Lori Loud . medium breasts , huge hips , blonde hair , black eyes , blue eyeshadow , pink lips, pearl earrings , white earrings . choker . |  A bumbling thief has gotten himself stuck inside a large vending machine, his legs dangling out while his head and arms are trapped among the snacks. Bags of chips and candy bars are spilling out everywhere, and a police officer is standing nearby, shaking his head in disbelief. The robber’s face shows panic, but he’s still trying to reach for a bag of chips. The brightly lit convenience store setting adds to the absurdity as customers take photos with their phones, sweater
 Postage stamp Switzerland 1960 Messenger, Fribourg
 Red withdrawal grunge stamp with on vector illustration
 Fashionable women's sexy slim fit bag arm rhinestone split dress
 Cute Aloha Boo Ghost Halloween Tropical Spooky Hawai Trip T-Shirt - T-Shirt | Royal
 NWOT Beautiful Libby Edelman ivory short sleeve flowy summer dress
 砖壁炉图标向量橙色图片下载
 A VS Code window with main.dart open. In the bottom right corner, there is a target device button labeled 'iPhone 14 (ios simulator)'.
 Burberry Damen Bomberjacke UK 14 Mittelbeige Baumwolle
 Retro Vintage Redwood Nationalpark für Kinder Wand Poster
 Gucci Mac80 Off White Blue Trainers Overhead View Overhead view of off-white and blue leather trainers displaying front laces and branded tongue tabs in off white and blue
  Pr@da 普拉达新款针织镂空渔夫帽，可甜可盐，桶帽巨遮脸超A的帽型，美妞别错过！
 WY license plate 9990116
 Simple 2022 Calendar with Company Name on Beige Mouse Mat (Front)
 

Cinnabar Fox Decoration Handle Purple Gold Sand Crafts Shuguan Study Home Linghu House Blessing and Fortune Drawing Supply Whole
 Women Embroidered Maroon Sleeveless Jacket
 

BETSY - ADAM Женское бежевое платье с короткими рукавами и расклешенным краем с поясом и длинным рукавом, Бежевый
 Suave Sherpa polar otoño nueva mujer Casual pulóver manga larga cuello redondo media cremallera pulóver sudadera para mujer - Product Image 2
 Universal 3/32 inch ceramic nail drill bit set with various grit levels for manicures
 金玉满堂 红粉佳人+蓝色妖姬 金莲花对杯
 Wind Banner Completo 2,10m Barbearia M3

════════════════

__BRIEF__.
Set down only the lines above that fall between the line holding "Cute Aloha Boo" and the line holding "Retro Vintage Redwood", inclusive, keeping each exact.

__TASK ANSWER__.
 Cute Aloha Boo Ghost Halloween Tropical Spooky Hawai Trip T-Shirt - T-Shirt | Royal
 NWOT Beautiful Libby Edelman ivory short sleeve flowy summer dress
 砖壁炉图标向量橙色图片下载
 A VS Code window with main.dart open. In the bottom right corner, there is a target device button labeled 'iPhone 14 (ios simulator)'.
 Burberry Damen Bomberjacke UK 14 Mittelbeige Baumwolle
 Retro Vintage Redwood Nationalpark für Kinder Wand Poster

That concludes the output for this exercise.